1968 Series on WKAR News Programs
Continuing this Month on 90.5 WKAR

NPR News Programs Highlight 1968

“I have been to the Mountaintop.” – Reverend Martin Luther King, from his speech delivered on April 3, 1968 at the Church of God in Christ Headquarters, Memphis, Tennessee, the day before he was assassinated, by James Earl Ray.

Accordingly, I shall not seek, and I will not accept, the nomination of my party for another term as your President.”—President Lyndon Johnson, from his speech delivered on national television, March 31, 1968.

“There are those who look at things the way they are, and ask why…I dream of things that never were, and ask why not?”-- Senator Robert Kennedy, during the 1968 presidential campaign. (Kennedy was shot on June 5, 1968 at the Ambassador Hotel in Los Angeles by Sirhan Sirhan; he passed away on June 6.)

1968.


It seems like yesterday to many of us. Especially if one was coming of age during this pivotal decade when the mood of the country segued from carried-over 1950s conservatism at the 1960s opening to an almost anything-goes attitude by its end.
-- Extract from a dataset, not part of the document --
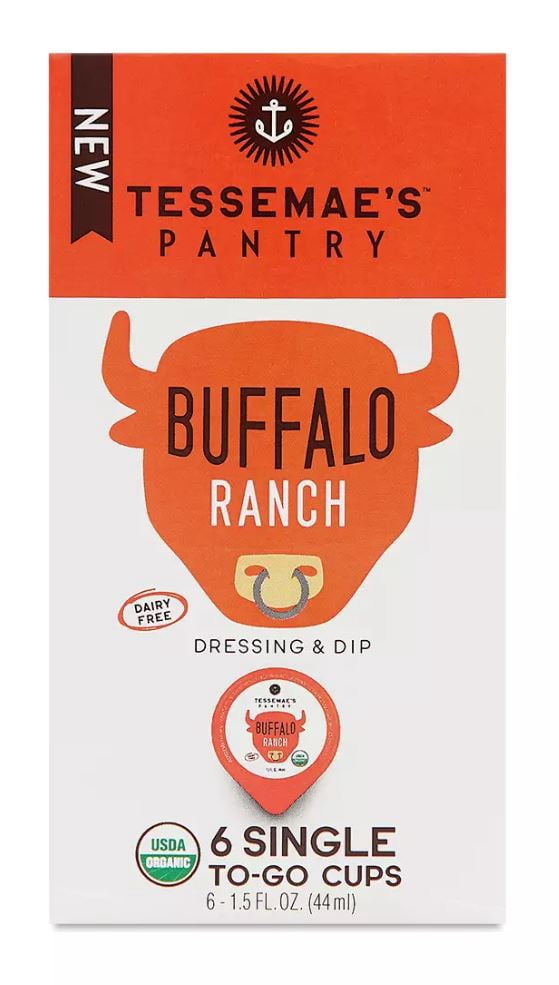 Tessemae's Organic Buffalo Ranch Dip Cups Salad Dressing & Dip, 1.5oz, Sugar Free, Dairy Free, Gluten Free, Whole30 Approved, Keto Friendly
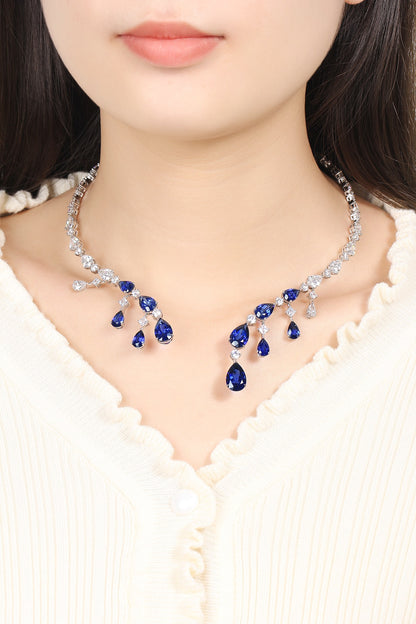 Pirmiana 2024 New Fashion S925 Silver Necklace 28.08ct Lab Grown Sapphire Pendants Necklace Jewelry For Wedding Party Gift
In April, NPR marked the 40th anniversary of the assassination of Martin Luther King, Jr. as the opening segment of its year-long (and occasional) series Echoes of 1968.

The series will explore how the defining events of ’68 reverberate to this day from the previously mentioned King assassination to the founding of Intel and the horror of the My Lai Massacre to the birth of the Big Mac, tracing the far-reaching effects at home and abroad of this year four decades hence.

O
ther stories will explore how suburban communities grew in population and wealth as inner cities lost jobs, businesses, and residents; the influence of government housing initiatives on inner city and low-income houses; changes in the music industry since the founding of Apple Records; and how presidential politics has evolved since the 1964 campaign, which saw a sitting president not seek reelection, another presidential candidate assassinated, and the Democratic Convention in Chicago disrupted by anti-war protests.

Echoes of 1968 will also look at the evolution of technology since the founding of Intel, how feminism has grown from a nascent movement into a predominant force in society, and how the space program has changed since the day a manned space capsule first circled the moon. There are also planned segments on the creation and influence of the movie rating system and the effect of federally mandated three-day holiday weekends by moving and combining remembrance days so they always fall on Mondays.

Overseas, NPR News correspondents will recall the events on the streets of Europe in 1968, from Paris to Prague, and look back on how politics in Europe has changed through the decades, including the fall of the Iron Curtain and the embrace of much of Eastern Europe by the European Union. NPR reporters will also look back to the days of the war in Vietnam, the protracted peace talks to end the war, and the rebuilding and reconciliation that has taken place both within Vietnam and between it and the United States.

Echoes of 1968 will be aired within three regular NPR series including Morning Edition, All Things Considered, and Weekend Edition Sunday.